Remember that trendy “lone wolf” catchphrase? You know the one, it’s usually said in a really macho Hollywood movie? Yeah… aside from the fact that people who use it don’t know much about wolves (come on, where are your animal kingdom trivia skills?) they also don’t know much about humans. The tricky truth is: there is no ‘lone wolf’ kind of person. We are biologically hardwired for connection and belonging. I believe the belonging word is key, because it holds the interpersonal connection we have when we feel seen, safe and accepted as ourselves. Maybe for you that feeling is warm and subtle in your chest or perhaps a more bubbly excitement. In contrast, when we are trying to fit in, most of us end up feeling…incongruent. Sometimes our longing to fit in can drive us to words or actions that don’t feel aligned with our values (cognitive-dissonance is your $10 word here) and things just feel a little off. Maybe way off. Perhaps you’ve had enough practice at knowing when you’re trying to fit in, or maybe you’re showering a week later and the realization hits you. I find the home remedy for this incongruence is seeing people who let me show up exactly as I am and blasting some good music. It’s no coincidence that Bay Barbers has both those things available for you.

At Bay Barbers connection is what we build our space around. You have, and will always belong here.

-Indie Liebau

Don’t Bother Others with Your Boundaries.

“Boundaries are the distance at which I can love you and me simultaneously.” –Prentis Hemphill

Boundaries. Sometimes even reading, hearing or speaking the word out loud can bring up uncomfortable feelings in a person. We live in a world where we are constantly bludgeoned with messages like: 'take care of others before yourself,' “boys will be boys,” “just smile and be nice,” or “but they’re family” and so many more. Even if we might not have heard these exact phrases directly spoken to us (though many of us have) the message is clear either way: “self-sacrifice is how you should measure your own worth. Don't bother others with your boundaries.” This kind of conditioning is especially prolific in how we raise our girls, but no one is unscathed. It doesn't take long to think about how these messages affect us.

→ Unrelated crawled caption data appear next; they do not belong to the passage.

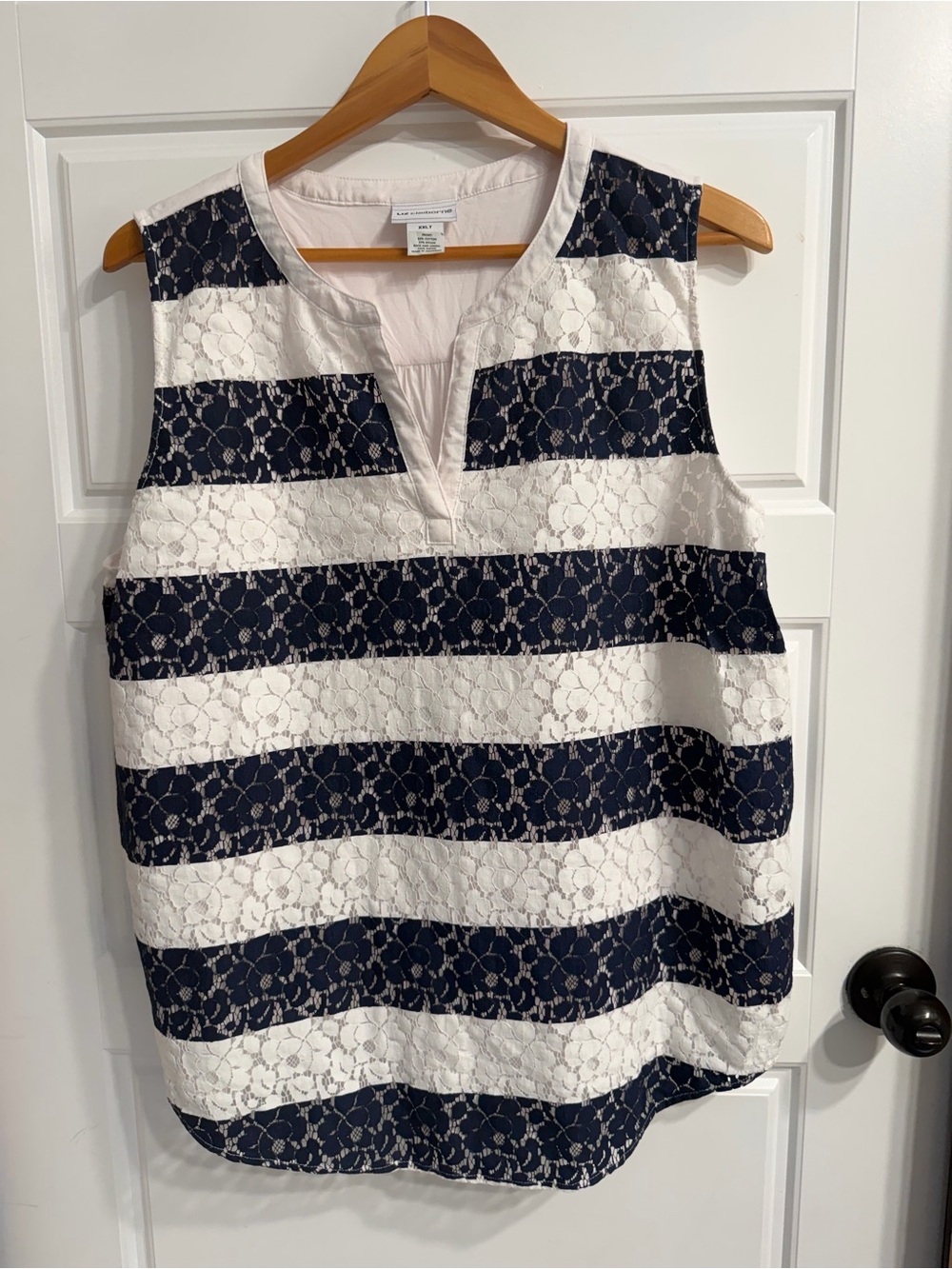 Liz Claiborne Navy and White Lace Stripe Tank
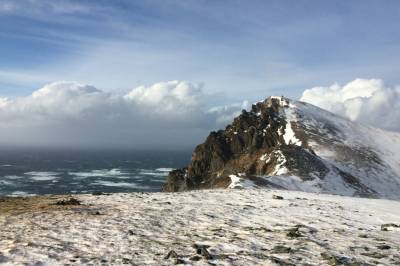 Vi skulle tro at varmere vær i Arktis ville gi mer regnværsskyer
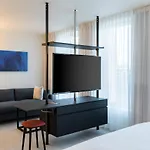 By Marriott ホテル 4*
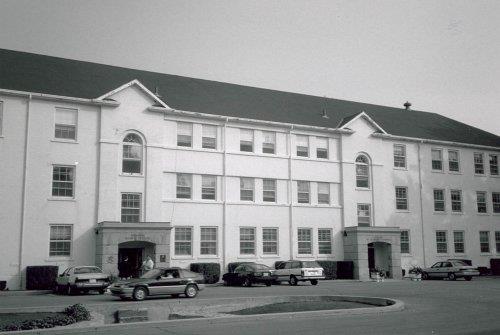 Exterior Photo; (Environment Canada, Canadian Parks Service, Architectural History Branch, J. Adell, 1989.)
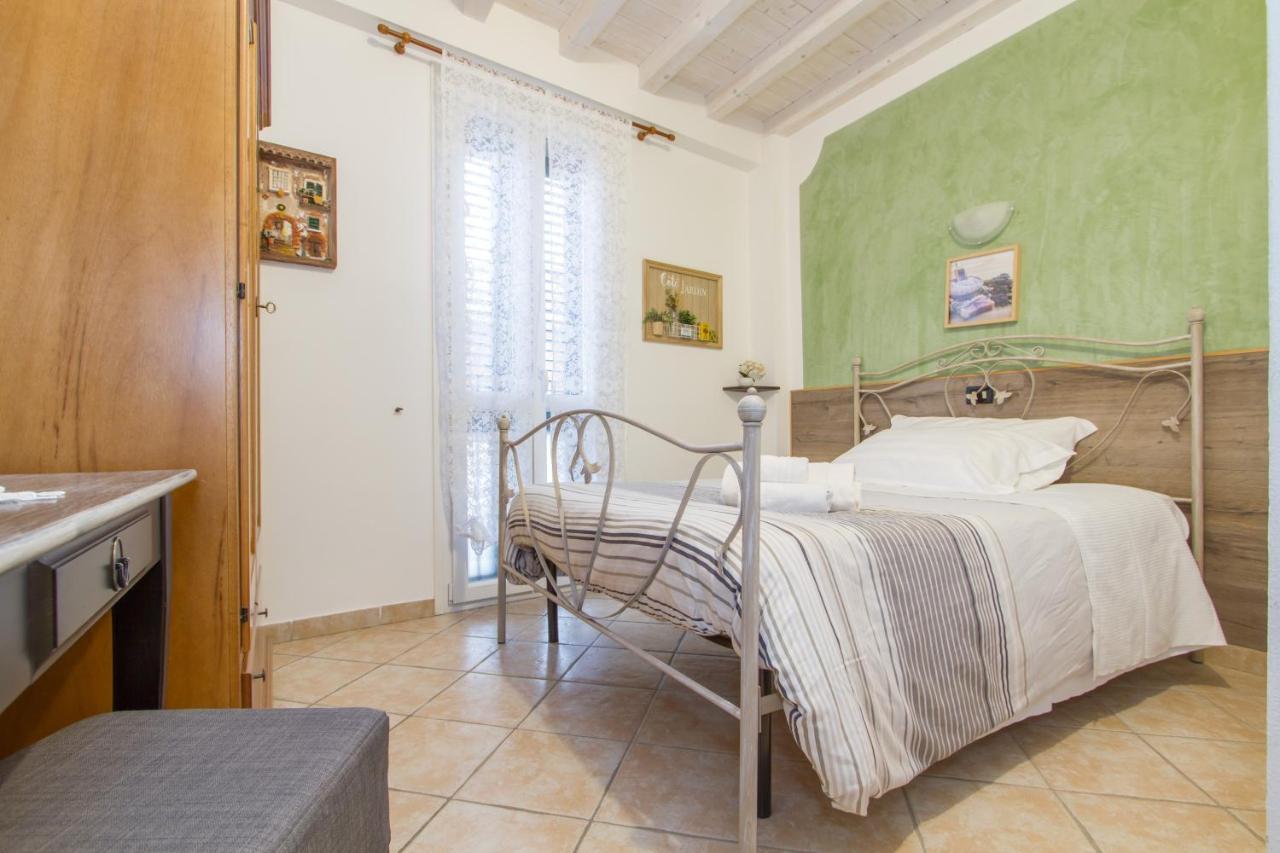 Le Camere Di Aladino Carugate Buitenkant foto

People unable to file for divorce- despite being deeply unhappy in their marriage, letting your boss belittle you in front of coworkers, saying “yes” but wanting to say “no.” What I find truly interesting about this conundrum is that we cannot have good relationships with others without boundaries. Oh the irony. We spend so much time trying to fit in and have people like us that we let people step on our feet and in doing so, ruin our relationships with resentment. At the barbershop the relationship between the client and barber is crucial to every single cut. Boundaries are a pillar within our four walls. If each person prioritises their own wellness and establishes the boundaries they need we can cultivate lasting, meaningful, connective relationships with each other and in consequence create a truly loving space in our lives. Boundaries are not narcissism, and the only people benefitting from that narrative are those who gain from the making-small of others. Boundaries are a beautiful thing to celebrate, because ironically, they actually bring us closer. In the chair, behind the chair, and then out in our communities with a fresh haircut, we can see a wholehearted change. Those who mind don’t matter, and those who matter don’t mind, the bother boundaries bring.